Member of the Oregon House of Representatives from the 29th district
- In office 1937–1938
- Preceded by: Warner B. Snider
- Succeeded by: Burt K. Snyder

Personal details
- Born: Charles William Emanuel Jennings February 4, 1877 Bunker Hill, Kansas, U.S.
- Died: June 5, 1949 (aged 72) Pacific City, Oregon, U.S.
- Party: Democratic
- Spouse: Besse Howe Jennings
- Occupation: Businessman

= C. W. E. Jennings =

American businessman and state legislator

Charles William Emanuel Jennings (February 4, 1877 – June 5, 1949), known as Pop Jennings, was a businessman and Oregon state legislator. He was an early settler in the Chewaucan Valley in south-central Oregon, where he established the community of Valley Falls. Jennings was also a Democratic member of the Oregon House of Representatives for one term, serving from 1937 through 1938.

== Early life ==

Jennings was born in Bunker Hill, Kansas, on February 4, 1877. He was the son of James and Cly Jennings. He was self-educated. His schooling included several correspondence courses in railroad engineering. As a young man, he worked on various railroad construction jobs.

== Valley Falls ==

Jennings arrived in Lake County, Oregon, in 1907 after working on Harriman railroad surveys in Oregon and California. He settled at the southern end of the Chewaucan Valley, where he established a new town site in 1908. He named the community Valley Falls for a small falls on the Chewaucan River approximately 1 mi north of the town site.

A post office was established at Valley Falls in 1909. The first postmaster was Ernest L. H. Meyer. However, Jennings later took over from Meyer. In 1910, Jennings and Meyer formed a business partnership to promote development in the Valley Falls area. The company was called Jennings-Meyer Realty Company.

Jennings did not always get along with his neighbors. In 1911, the local Valley Falls blacksmith accused him of assault. The blacksmith told Lake County's district attorney that Jennings had struck him on the head with a gun, causing the weapon to discharge. The district attorney did not charge Jennings because there were no other witnesses to the alleged assault.

In 1913, Jennings married Besse Howe in Lakeview. She had recently arrived in the community from Los Angeles, California. She was living with her brother near Valley Falls prior to their marriage.

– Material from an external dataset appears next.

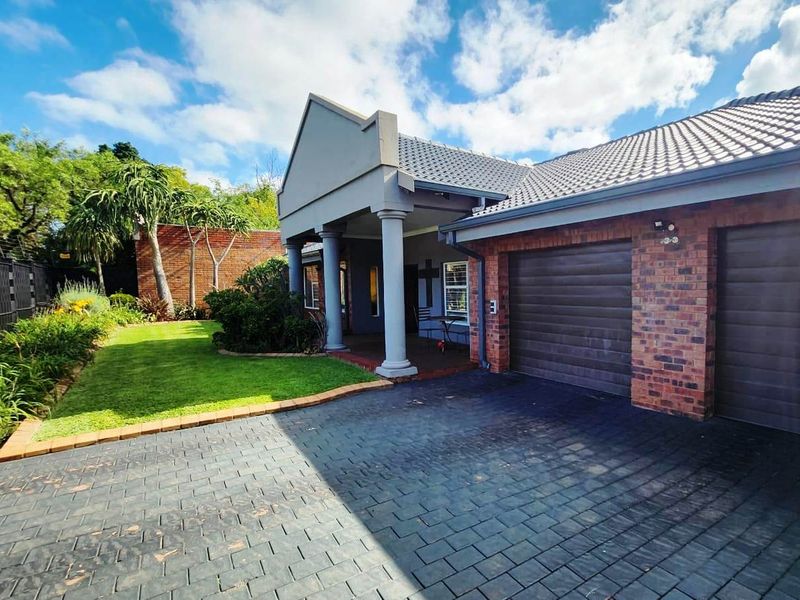 EXCLUSIVE, ELEGANT, EXCITING - Photo 5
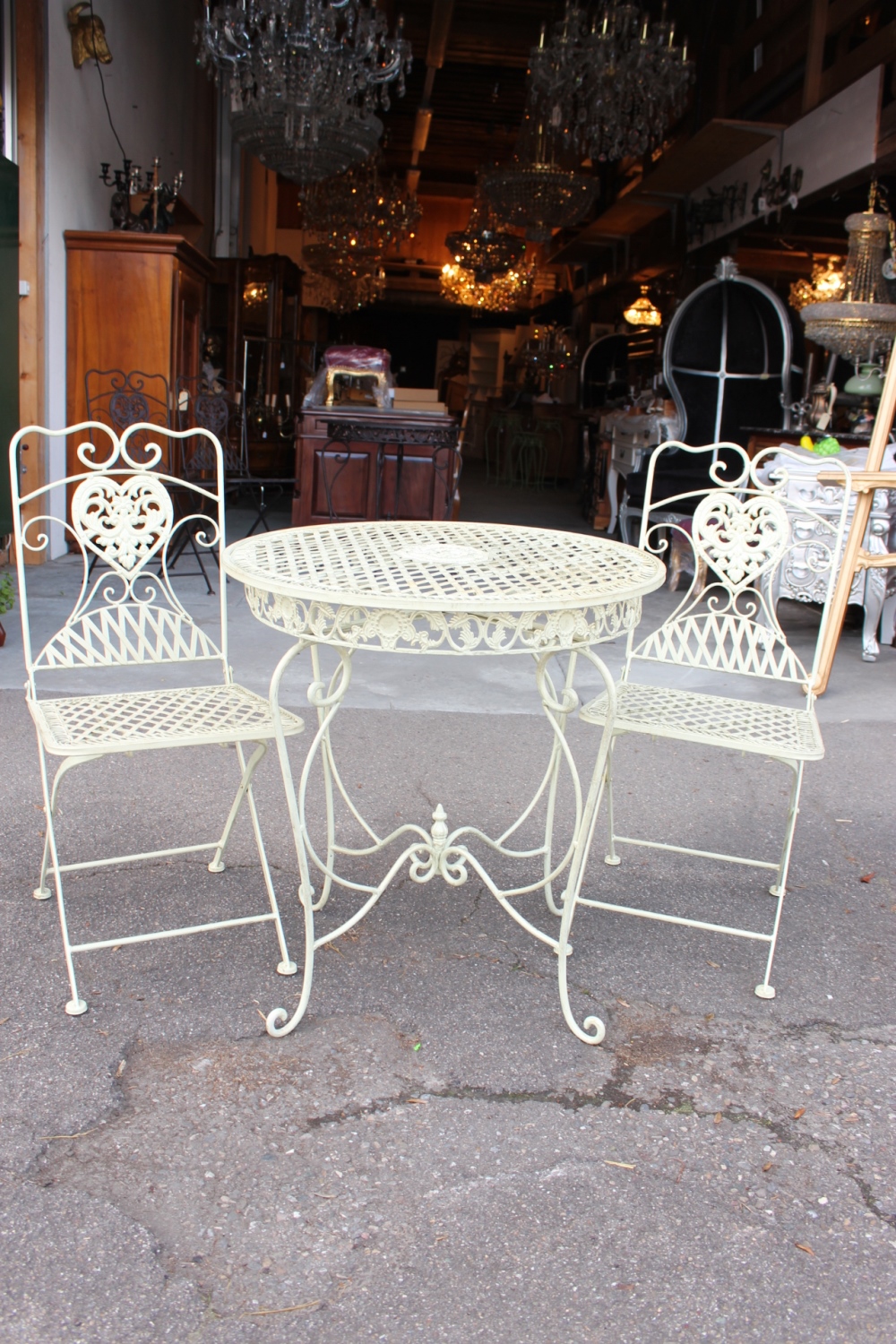 Nostalgische Gartenmöbel cremeweiss im Set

During the 1920s and 1930s, Jennings continued to serve as the Valley Falls postmaster while he operated a grocery store, co-located with a gas station and tourist cabins. He also ran the Valley Falls weather station for the United States Weather Bureau, served as water master for the Chewaucan River and Silver Creek water district, and was the clerk for the local school district. In addition, he served as the chairman Lake County's Democratic Committee for two terms.

== Political career ==

Jennings, known as "Pop" to his neighbors, ran as a Democrat for the Oregon House of Representatives in 1936. He defeated the incumbent Republican, Warner B. Snider, in the general election. In that election, Jennings received 1,011 votes while Snider received only 943. He took his seat as a state legislature in early 1937, representing Deschutes and Lake counties. He served in the legislature's 1937 Regular Session.

When he ran for re-election in 1938, he was unopposed in the Democratic primary. However, he lost the general election to the Republican candidate, Burt K. Snyder. After the election, Jennings reported that he only spent $58 on his campaign.

== Later life ==

After leaving the state legislature, Jennings returned to his business in Valley Falls. Even into the 1940s, Valley Falls was an isolated place. For example, in 1943, a local newspaper reported that several airplanes landed on the highway near the Valley Falls store and then taxied up to the store's gas pump to refuel.

Jennings sold his Valley Falls businesses to Steven and Bessie Carroll in 1948. Jennings and his wife then moved to the Oregon coast. He died on June 5, 1949, in Pacific City, Oregon.

After Jennings died, his wife contested his will which left her only one-third of his assets. She claimed that the assets were jointly accumulated and had originally included significant property inherited from her family which entitled her to one-half of the estate. The probate was not settled until 1952 when the case was finally decided by the Oregon Supreme Court.